Für die Richtigkeit des gefundenen Ergebnisses spricht auch der Umstand, dass eine Berichtigung nach § 14c Abs. 1, 17 Abs. 1 UStG im Streitfall auf bewusst unrichtig ausgestellten Rechnungen beruht, die durch die erhöhte Möglichkeit der Geltendmachung von Vorsteuern durch den Auftraggeber das Steueraufkommen gefährden und u.U. auch seitens des Ausstellers der Tatbestand des § 370 AO vorliegen kann.

b) Etwas anderes ergibt sich auch nicht aus der Entscheidung des Bundesfinanzhofsvom 4. Februar 2005 (VII R 20/04, BFH/NV 2005, 942).
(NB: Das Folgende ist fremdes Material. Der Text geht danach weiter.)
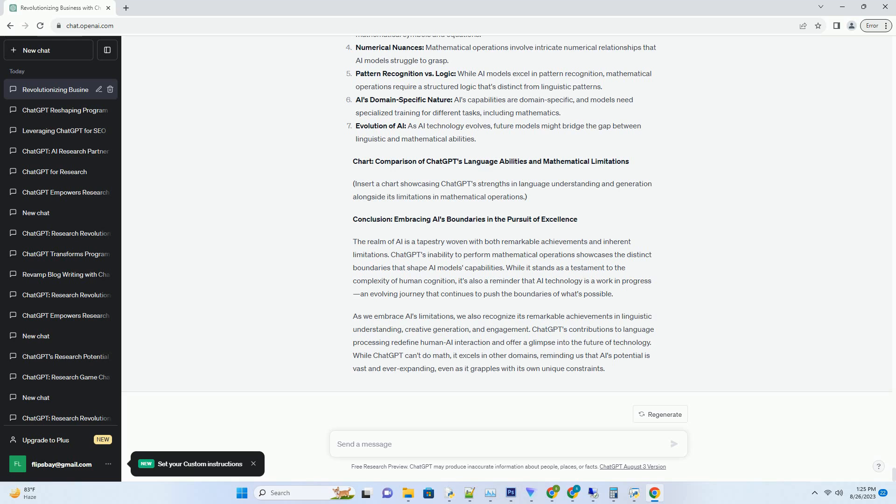hinting at a potential synergy between linguistic and mathematical capabilities in the AI landscape. As AI models become more sophisticated, they might bridge the gap between linguistic understanding and mathematical computation. This evolution could lead to AI that not only engages in conversations but also assists with complex mathematical problem-solving. The journey towards this integration underscores the complexity of AI technology and the intricate puzzle of creating models that encompass a wide range of human-like abilities.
Dort ging es um das zivilrechtliche Entstehen einer Forderung aus Umsatzsteuervergütung. Dabei ist der Bundesfinanzhof davon ausgegangen, dass der Umsatzsteuervergütungsanspruch nach Rechnungsberichtigung im Zeitpunkt der Berichtigung entsteht, was sich aus § 17 Abs. 1 Satz 3 UStG ergibt. Maßgeblich in dieser Entscheidung ist des Weiteren die Feststellung, dass der ursprüngliche Steueranspruch von der Berichtigung unberührt bleibt, da er entstanden ist und ihm - in einer anderen steuerlichen Periode - ein Vergütungsanspruch nach § 17 Abs. 1 UStG gegenübergestellt wurde. Daher kann daraus nicht die Aktivierung des Vergütungsanspruches im Zeitpunkt der Ausgabe der unrichtigen Rechnung hergeleitet werden.

III. Die Kostenentscheidung folgt aus § 135 Abs. 1 FGO, die Revision war nach § 115 Abs. 2 FGO zuzulassen, da aus Sicht des Senates eine Entscheidung des Bundesfinanzhofes zur Rechtsfortbildung erfordert.